Erfreulich ist, dass dennoch neuer erschwinglicher Wohnraum geschaffen wurde bzw. in Vorbereitung ist. „In der Jakob Thoma Straße sind die ersten Wohnungen für junge Familien bzw. barrierefreie Einheiten für betreutes Wohnen übergeben. Und das Wohnhaus in der Josef Schleussner Straße steht kurz vor dem Baubeginn“, kann Vize Silvia Drechsler über zwei Projekte des sozialen Wohnbaus berichten, die gemeinsam mit der Mödlinger Genossenschaft realisiert werden. Ein drittes Projekt – die Wohnungen der EBG in der Grutschgasse – ist Mitte letzten Jahres bereits bezogen worden.

Trotz der angespannten finanziellen Situation hat es sich die Koalition zum Ziel gesetzt, die 50%-Förderung der Bundesregierung für Investitionen im öffentlichen Bereich auszunutzen. „Von den 2,3 Millionen Euro, die Mödling abholen kann, haben wird im vergangenen Jahr 1,3 Millionen Euro bereits beantragt. Die restliche Million werden wir heuer für wichtige Infrastrukturprojekte nutzen“, so Bürgermeister Hintner.

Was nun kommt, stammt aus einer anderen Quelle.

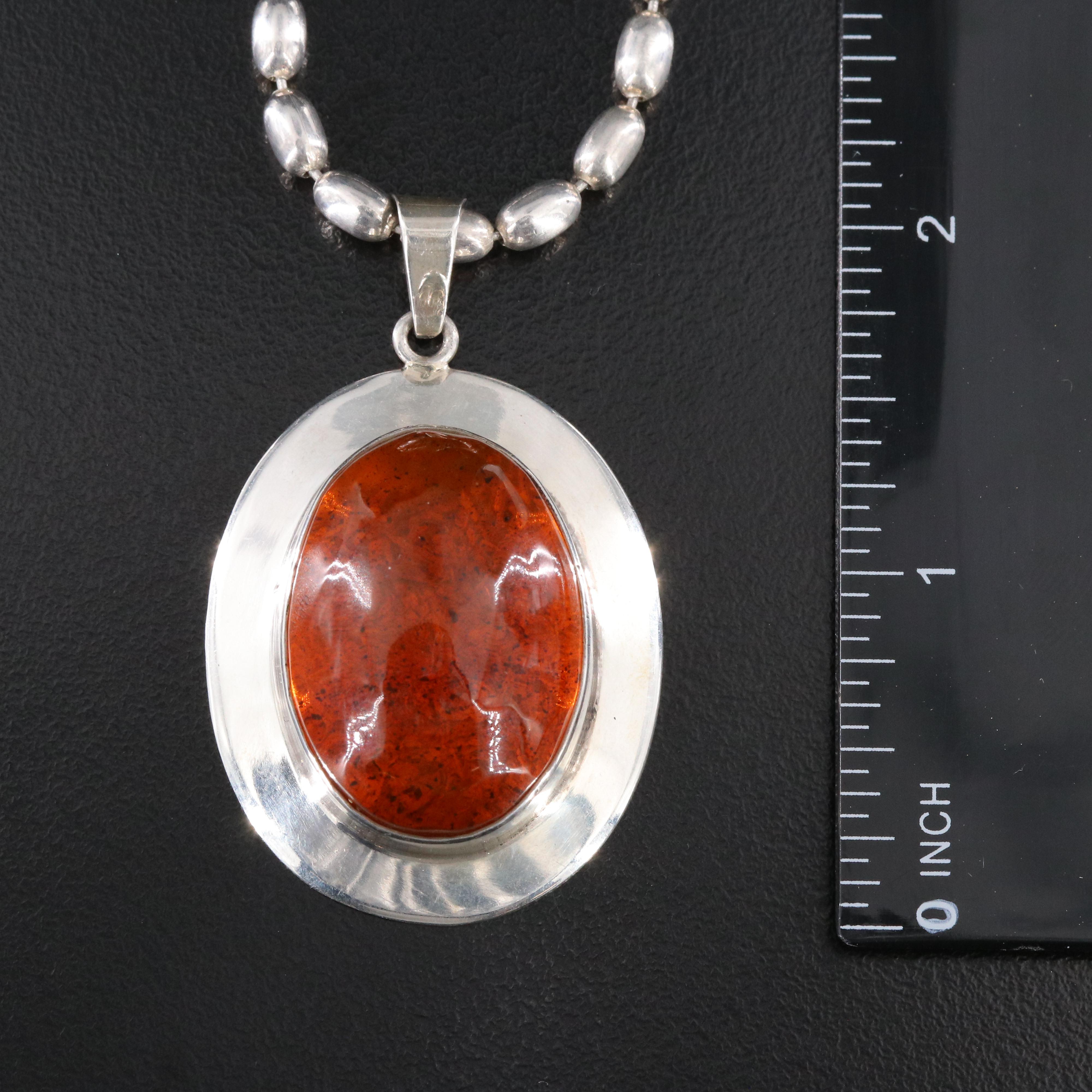 Sterling Amber Pendant on Beaded Chain Necklace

Die bisherige Bilanz der neuen Koalition fällt also trotz Corona-Krise positiv aus. Neben der inhaltlichen Ausrichtung stimmt auch das Klima der Zusammenarbeit. „Anders als erhofft, sind wir als Koalition gleich im Krisenmodus gestartet und haben die Herausforderungen gut gemeistert. Corona war mehr als eine Bewährungsprobe und hat uns gezeigt, dass wir wertschätzend und freundschaftlich zusammenarbeiten und Probleme gemeinsam lösen können“, so Bürgermeister Hans Stefan Hintner und Vizebürgermeisterin Silvia Drechsler über ihr erstes gemeinsames Jahr.